# [PROBLEM]
Please give back word for word the lines below, from the first one through the one with "Slide: The Image".

Data items

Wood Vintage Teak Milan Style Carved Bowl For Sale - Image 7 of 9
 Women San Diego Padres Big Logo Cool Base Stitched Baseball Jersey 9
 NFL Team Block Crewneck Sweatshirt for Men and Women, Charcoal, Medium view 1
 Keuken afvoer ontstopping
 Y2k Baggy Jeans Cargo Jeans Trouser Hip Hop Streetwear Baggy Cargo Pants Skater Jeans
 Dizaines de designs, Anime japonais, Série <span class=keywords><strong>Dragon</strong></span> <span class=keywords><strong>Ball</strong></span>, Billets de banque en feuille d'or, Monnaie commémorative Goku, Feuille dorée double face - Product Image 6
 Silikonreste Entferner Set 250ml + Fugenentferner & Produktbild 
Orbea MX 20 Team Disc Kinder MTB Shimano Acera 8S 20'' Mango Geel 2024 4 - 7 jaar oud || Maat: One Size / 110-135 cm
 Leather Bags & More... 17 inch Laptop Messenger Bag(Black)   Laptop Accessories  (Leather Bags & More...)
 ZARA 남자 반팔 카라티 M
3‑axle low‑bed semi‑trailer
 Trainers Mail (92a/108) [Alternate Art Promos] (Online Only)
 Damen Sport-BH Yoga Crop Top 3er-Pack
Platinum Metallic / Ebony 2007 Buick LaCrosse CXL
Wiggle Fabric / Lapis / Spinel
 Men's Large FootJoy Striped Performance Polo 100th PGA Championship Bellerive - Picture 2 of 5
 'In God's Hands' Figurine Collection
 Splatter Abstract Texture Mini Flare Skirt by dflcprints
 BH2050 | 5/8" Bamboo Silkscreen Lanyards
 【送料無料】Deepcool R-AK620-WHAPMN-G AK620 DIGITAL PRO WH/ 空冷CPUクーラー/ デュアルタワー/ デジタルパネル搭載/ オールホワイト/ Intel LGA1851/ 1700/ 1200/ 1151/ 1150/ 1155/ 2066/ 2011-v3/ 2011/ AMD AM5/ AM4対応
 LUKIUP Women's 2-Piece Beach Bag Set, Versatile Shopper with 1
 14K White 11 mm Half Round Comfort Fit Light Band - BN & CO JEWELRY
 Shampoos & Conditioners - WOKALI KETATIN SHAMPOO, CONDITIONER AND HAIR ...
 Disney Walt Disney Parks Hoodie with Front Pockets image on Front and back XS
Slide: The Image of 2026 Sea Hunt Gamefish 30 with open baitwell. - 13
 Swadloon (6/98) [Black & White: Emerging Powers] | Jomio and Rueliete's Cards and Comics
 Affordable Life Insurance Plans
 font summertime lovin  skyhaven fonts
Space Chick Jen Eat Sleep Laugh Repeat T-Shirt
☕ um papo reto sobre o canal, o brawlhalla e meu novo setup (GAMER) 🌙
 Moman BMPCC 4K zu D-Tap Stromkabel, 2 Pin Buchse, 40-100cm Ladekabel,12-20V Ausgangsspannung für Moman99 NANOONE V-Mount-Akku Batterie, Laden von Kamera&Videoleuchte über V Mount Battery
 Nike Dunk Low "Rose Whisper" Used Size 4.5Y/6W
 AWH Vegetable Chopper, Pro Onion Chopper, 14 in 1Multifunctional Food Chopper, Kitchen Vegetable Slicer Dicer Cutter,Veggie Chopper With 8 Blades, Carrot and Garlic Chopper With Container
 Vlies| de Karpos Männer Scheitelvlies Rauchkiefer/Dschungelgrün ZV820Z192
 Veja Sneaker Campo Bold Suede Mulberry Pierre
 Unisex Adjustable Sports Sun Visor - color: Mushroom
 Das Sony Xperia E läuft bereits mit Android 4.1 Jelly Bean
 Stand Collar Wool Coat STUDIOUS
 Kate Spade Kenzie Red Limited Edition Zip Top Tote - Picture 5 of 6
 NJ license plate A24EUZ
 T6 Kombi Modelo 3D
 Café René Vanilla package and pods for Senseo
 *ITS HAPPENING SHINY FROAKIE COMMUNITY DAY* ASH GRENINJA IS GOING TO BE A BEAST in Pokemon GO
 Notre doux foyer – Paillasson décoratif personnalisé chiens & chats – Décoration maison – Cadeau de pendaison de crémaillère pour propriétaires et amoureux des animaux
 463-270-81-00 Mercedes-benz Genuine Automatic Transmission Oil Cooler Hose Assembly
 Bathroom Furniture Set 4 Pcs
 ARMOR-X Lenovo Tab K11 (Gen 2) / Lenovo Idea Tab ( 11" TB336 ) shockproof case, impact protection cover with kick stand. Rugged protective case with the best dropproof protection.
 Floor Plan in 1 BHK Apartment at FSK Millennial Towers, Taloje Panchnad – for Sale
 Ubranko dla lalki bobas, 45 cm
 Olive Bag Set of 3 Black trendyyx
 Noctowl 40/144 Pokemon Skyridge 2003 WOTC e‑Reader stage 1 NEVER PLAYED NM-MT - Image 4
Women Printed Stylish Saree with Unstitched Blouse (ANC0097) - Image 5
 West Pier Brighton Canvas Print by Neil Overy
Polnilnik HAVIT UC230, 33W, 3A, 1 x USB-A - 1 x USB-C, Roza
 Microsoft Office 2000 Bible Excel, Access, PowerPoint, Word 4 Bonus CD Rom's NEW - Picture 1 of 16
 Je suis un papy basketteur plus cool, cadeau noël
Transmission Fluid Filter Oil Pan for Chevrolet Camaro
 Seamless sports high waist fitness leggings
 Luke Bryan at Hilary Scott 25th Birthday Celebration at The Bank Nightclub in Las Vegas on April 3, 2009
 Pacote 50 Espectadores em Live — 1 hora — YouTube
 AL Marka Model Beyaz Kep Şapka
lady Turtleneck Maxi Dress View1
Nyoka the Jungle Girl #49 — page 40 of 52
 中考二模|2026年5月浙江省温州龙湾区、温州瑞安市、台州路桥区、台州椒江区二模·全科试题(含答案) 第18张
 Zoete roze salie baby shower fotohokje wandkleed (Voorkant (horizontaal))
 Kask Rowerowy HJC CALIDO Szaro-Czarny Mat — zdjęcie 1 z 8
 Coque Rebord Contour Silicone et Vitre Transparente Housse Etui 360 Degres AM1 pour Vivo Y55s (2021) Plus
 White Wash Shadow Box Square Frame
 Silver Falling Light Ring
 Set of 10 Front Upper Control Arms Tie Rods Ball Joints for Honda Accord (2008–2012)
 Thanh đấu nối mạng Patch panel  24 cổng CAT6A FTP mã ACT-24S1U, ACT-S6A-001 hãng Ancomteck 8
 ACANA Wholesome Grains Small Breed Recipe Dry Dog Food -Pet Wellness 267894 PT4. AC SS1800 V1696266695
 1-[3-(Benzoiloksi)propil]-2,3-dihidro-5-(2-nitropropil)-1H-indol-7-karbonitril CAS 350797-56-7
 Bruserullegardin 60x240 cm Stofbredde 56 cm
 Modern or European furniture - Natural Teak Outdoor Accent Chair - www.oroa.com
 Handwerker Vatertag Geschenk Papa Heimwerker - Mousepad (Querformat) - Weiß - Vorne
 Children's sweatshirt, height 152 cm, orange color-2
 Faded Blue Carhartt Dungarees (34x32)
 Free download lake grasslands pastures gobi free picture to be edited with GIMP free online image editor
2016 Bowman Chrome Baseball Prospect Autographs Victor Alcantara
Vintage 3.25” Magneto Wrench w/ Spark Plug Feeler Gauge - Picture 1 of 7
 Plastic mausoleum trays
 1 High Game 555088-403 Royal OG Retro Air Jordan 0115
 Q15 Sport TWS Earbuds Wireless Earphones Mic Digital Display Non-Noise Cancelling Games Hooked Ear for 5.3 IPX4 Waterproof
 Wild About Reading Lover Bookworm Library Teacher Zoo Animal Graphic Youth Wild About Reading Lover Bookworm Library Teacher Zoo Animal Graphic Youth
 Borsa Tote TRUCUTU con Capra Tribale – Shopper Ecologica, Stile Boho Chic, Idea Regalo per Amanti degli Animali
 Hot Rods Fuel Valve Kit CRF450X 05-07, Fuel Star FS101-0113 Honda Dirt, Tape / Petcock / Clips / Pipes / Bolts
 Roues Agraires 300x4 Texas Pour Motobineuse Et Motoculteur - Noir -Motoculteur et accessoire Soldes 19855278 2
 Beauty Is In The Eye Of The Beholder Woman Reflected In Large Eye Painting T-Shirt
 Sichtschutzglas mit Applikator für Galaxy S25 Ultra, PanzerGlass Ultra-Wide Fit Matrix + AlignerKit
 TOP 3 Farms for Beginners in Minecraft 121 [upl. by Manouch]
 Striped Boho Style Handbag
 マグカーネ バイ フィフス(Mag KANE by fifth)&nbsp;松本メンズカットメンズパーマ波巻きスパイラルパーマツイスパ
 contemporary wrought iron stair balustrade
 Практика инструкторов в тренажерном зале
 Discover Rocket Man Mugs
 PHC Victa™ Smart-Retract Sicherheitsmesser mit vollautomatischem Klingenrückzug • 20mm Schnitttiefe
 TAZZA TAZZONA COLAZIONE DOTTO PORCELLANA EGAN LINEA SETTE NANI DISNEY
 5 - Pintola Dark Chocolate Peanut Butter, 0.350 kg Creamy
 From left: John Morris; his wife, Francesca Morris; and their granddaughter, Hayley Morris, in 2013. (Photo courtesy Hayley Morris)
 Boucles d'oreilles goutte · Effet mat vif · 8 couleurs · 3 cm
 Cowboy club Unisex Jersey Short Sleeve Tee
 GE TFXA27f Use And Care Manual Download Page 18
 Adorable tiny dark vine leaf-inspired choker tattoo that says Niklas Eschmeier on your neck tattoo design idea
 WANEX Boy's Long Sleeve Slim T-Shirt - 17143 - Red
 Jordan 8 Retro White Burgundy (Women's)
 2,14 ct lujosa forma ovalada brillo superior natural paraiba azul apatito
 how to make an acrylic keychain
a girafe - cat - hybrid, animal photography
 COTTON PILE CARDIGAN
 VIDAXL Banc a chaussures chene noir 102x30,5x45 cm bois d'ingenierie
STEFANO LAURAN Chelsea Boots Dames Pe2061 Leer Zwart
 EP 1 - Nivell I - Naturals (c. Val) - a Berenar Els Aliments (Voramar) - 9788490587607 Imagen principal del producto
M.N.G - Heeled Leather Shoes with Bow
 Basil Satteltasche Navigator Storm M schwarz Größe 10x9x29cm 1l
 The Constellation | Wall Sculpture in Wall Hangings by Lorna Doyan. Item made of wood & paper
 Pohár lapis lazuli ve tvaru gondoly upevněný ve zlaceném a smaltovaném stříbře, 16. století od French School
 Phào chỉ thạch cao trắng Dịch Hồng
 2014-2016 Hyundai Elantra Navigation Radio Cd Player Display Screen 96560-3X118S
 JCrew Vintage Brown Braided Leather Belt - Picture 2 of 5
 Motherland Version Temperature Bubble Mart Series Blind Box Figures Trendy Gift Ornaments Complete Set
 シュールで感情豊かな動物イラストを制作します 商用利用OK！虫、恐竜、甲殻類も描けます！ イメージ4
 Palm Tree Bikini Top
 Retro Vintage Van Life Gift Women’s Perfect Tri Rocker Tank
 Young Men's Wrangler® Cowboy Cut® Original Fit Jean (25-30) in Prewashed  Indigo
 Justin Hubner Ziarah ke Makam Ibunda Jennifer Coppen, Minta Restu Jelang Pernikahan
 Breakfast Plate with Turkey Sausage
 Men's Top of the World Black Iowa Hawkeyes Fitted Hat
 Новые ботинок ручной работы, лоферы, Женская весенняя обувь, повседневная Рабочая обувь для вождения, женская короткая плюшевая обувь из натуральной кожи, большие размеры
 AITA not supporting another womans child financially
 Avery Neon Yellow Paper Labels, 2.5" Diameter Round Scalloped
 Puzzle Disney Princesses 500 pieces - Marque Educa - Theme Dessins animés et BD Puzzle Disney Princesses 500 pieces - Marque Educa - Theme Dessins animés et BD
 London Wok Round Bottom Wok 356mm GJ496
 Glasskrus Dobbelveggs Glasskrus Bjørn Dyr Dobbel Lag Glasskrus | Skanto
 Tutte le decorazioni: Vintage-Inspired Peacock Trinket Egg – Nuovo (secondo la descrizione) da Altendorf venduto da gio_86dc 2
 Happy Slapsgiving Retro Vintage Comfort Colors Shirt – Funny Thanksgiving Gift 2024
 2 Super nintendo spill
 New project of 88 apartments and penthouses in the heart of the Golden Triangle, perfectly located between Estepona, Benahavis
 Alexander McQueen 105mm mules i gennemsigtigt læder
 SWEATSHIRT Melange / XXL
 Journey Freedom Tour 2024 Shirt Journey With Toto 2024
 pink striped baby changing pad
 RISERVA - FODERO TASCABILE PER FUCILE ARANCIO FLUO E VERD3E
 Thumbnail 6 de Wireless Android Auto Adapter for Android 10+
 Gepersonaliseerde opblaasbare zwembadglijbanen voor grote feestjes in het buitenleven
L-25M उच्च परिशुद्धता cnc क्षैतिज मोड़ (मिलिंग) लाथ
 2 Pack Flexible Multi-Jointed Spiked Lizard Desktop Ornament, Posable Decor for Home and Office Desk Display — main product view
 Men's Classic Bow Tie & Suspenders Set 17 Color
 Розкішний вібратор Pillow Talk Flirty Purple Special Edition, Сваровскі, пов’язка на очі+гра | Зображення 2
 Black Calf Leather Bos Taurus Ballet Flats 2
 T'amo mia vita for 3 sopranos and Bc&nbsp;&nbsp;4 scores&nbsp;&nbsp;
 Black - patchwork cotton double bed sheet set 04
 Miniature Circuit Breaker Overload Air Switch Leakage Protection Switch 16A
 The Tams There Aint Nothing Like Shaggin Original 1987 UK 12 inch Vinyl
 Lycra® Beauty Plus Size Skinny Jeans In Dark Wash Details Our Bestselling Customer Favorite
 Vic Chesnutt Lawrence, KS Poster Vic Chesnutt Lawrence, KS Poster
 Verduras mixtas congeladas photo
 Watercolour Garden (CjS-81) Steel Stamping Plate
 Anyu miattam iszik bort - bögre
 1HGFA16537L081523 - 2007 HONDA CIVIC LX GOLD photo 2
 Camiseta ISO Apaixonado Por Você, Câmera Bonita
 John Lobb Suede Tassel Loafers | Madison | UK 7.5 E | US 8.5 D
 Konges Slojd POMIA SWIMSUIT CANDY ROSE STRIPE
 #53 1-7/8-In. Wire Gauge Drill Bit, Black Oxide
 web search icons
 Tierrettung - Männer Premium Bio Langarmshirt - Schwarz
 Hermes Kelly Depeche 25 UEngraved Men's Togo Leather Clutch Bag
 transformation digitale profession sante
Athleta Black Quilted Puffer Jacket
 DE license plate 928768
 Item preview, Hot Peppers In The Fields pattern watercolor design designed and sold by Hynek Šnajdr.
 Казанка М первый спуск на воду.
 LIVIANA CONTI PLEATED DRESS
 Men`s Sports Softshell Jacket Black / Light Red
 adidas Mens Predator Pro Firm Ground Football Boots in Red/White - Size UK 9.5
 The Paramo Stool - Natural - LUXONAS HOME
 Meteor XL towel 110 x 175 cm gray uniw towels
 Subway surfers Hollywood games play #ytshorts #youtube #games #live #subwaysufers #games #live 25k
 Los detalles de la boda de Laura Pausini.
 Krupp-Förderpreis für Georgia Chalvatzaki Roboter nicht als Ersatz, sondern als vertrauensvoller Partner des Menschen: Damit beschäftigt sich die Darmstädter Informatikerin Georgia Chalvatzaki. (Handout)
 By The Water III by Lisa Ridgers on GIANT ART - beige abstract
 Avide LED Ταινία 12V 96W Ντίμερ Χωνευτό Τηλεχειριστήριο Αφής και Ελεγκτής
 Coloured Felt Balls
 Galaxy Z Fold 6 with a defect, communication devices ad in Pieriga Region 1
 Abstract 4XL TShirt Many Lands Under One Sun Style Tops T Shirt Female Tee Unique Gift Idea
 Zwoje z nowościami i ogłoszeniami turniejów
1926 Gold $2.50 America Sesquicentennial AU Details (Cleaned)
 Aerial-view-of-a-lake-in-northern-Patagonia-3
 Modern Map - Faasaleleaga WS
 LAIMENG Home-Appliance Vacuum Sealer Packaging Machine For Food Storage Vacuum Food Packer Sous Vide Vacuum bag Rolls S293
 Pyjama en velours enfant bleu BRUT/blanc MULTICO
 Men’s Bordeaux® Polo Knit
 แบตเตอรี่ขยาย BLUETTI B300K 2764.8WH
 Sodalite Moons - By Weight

# [ANSWER SPACE]
Wood Vintage Teak Milan Style Carved Bowl For Sale - Image 7 of 9
 Women San Diego Padres Big Logo Cool Base Stitched Baseball Jersey 9
 NFL Team Block Crewneck Sweatshirt for Men and Women, Charcoal, Medium view 1
 Keuken afvoer ontstopping
 Y2k Baggy Jeans Cargo Jeans Trouser Hip Hop Streetwear Baggy Cargo Pants Skater Jeans
 Dizaines de designs, Anime japonais, Série <span class=keywords><strong>Dragon</strong></span> <span class=keywords><strong>Ball</strong></span>, Billets de banque en feuille d'or, Monnaie commémorative Goku, Feuille dorée double face - Product Image 6
 Silikonreste Entferner Set 250ml + Fugenentferner & Produktbild 
Orbea MX 20 Team Disc Kinder MTB Shimano Acera 8S 20'' Mango Geel 2024 4 - 7 jaar oud || Maat: One Size / 110-135 cm
 Leather Bags & More... 17 inch Laptop Messenger Bag(Black)   Laptop Accessories  (Leather Bags & More...)
 ZARA 남자 반팔 카라티 M
3‑axle low‑bed semi‑trailer
 Trainers Mail (92a/108) [Alternate Art Promos] (Online Only)
 Damen Sport-BH Yoga Crop Top 3er-Pack
Platinum Metallic / Ebony 2007 Buick LaCrosse CXL
Wiggle Fabric / Lapis / Spinel
 Men's Large FootJoy Striped Performance Polo 100th PGA Championship Bellerive - Picture 2 of 5
 'In God's Hands' Figurine Collection
 Splatter Abstract Texture Mini Flare Skirt by dflcprints
 BH2050 | 5/8" Bamboo Silkscreen Lanyards
 【送料無料】Deepcool R-AK620-WHAPMN-G AK620 DIGITAL PRO WH/ 空冷CPUクーラー/ デュアルタワー/ デジタルパネル搭載/ オールホワイト/ Intel LGA1851/ 1700/ 1200/ 1151/ 1150/ 1155/ 2066/ 2011-v3/ 2011/ AMD AM5/ AM4対応
 LUKIUP Women's 2-Piece Beach Bag Set, Versatile Shopper with 1
 14K White 11 mm Half Round Comfort Fit Light Band - BN & CO JEWELRY
 Shampoos & Conditioners - WOKALI KETATIN SHAMPOO, CONDITIONER AND HAIR ...
 Disney Walt Disney Parks Hoodie with Front Pockets image on Front and back XS
Slide: The Image of 2026 Sea Hunt Gamefish 30 with open baitwell. - 13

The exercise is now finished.